I know people who use a spray bottle and spray their entire set with urine after they finish making it... But I always just used a squirt bottle and squirted it on the backing of a dirthole, maybe letting a little dribble into the hole... I pretty much kept it in one place generally... However, I would sometimes "freshen up" droppings that I may place at a set, with a little shot of urine...and when making post sets I occasionally squirted a little in one or two of the "finish scratches", if I make them.


----------



## carp_killer (Nov 24, 2006)

xdeano said:


> it's just as effective. You could also drain off the urine of the animal that you catch also. keep it in a small bottle. works great also.
> deano


 im with his idea


----------



## xdeano (Jan 14, 2005)

Dustin S,

Just use Mongojoe's suggestions and you'll do fine. post sets, dirt holes, and scat sets, all are good.

As far as carrying it, a little squeeze bottle with a small spout that can be close completly or a small spray bottle that the nozzle can be adjusted. I've even used a small toy squirt gun in a pinch, but wouldn't recommend it because they tend to leak. 

Good luck.
Deano


----------



## DustinS (Nov 9, 2004)

Thanks mongojoe and xdeano!


----------



## Mongojoe (Nov 2, 2006)

Just to throw this in.... If I were limited to useing ONLY ONE attractor for ALL of my canine trapping, it would have been a GOOD quality urine.... After skinning, always collect the urine... There are times you can get several ounces from a coyote... I used to carry some old pieces of 2X4 in the back of my truck so that I could lay coyotes, fox, and cats with their rear end elevated slightly, to prevent the urine from running out.


----------



## xdeano (Jan 14, 2005)

Another thing that i've wanted to try for a substitute of coyote urine is dog urine. I haven't tried it but i've been thinking about it for some time. I know if my dog smells urine she will investigate it. So what would be different for a coyote invistigating a dogs marking.

Has anyone ever tried it? I'm pretty cerious as to weather or not it will work.

there still is no substitution to coyote urine though.  
xdeano


----------



## Mongojoe (Nov 2, 2006)

Xdeano, I have never tried it...but I used to run into an older fella at the state association meetings, and he told me that he had trained his female dog to urinate in an old cast iron skillet.
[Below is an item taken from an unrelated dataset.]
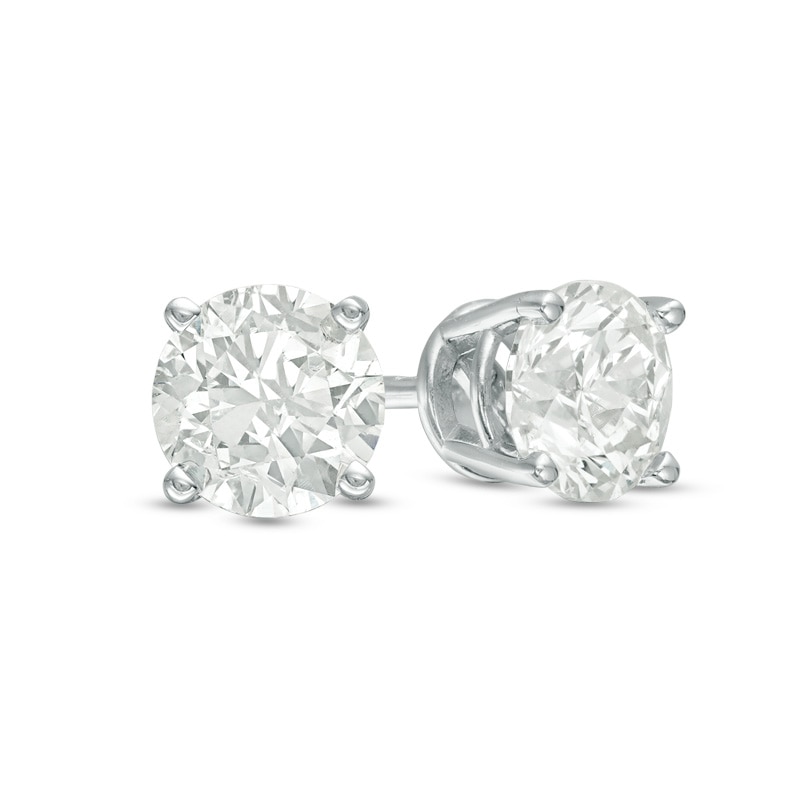 Previously Owned - 1.00 CT. T.W. Diamond Solitaire Crown Royal Stud Earrings in 14K White Gold (J/I3)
Said that he got her so that when he put it in the yard by her dog house, she would urinate in it...and he would collect it every day until he figured he had enough urine to trap with, and that it worked as well as fox or coyote urine... Now, I don't know how true it is...but that is sure enough what he told me.


----------



## xdeano (Jan 14, 2005)

I have to try that sometime. I'll bet it would work great during mating season and denning season, when the territories are pretty well set up.

Deano


----------